_What you will do_. Please retype only the lines below that run from the one containing "Исследуемый компонент Результат" through the last line, both included, without altering a word.

_Information supplied_.
******

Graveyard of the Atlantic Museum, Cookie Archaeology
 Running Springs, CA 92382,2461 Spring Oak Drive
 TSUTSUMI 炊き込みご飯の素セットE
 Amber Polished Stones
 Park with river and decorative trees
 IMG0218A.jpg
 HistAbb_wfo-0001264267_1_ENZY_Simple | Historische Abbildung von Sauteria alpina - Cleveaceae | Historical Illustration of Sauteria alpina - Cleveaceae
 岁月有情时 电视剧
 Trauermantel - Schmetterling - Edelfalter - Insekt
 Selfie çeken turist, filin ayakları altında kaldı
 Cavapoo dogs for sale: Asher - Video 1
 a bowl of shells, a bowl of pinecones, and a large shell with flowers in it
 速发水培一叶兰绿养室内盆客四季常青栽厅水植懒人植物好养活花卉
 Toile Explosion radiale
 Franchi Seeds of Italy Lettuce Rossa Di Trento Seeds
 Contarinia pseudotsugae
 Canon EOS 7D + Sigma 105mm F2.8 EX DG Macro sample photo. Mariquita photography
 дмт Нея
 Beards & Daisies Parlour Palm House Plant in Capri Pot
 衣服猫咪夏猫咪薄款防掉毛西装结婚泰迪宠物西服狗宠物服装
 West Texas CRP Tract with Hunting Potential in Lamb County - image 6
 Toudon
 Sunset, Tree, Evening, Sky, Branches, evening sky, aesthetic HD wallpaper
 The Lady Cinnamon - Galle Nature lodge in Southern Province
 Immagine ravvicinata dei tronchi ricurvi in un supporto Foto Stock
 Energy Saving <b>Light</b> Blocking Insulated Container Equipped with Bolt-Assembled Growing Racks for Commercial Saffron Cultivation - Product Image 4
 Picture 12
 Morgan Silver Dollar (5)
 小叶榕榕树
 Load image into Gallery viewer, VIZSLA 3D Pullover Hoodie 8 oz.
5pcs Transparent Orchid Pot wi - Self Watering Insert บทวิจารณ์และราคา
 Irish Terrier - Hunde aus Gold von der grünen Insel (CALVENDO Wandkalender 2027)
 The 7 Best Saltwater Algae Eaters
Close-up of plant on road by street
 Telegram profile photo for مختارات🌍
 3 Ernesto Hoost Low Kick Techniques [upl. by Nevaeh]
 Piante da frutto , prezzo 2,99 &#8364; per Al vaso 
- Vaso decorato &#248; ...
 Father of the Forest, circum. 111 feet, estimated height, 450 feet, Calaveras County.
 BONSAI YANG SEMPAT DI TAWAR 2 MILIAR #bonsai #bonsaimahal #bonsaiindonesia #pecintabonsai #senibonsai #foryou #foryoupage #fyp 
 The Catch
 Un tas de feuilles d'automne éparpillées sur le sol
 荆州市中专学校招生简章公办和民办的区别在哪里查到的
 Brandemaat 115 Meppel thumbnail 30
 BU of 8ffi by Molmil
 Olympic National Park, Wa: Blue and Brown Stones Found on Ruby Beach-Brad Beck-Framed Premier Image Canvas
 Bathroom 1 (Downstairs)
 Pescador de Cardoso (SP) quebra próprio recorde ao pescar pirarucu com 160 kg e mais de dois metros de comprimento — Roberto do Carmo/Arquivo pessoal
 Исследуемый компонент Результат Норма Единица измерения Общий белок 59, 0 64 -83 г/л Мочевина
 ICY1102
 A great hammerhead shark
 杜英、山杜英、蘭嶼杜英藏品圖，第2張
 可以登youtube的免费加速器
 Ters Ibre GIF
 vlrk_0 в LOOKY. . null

******

_Solution below_.
 Исследуемый компонент Результат Норма Единица измерения Общий белок 59, 0 64 -83 г/л Мочевина
 ICY1102
 A great hammerhead shark
 杜英、山杜英、蘭嶼杜英藏品圖，第2張
 可以登youtube的免费加速器
 Ters Ibre GIF
 vlrk_0 в LOOKY. . null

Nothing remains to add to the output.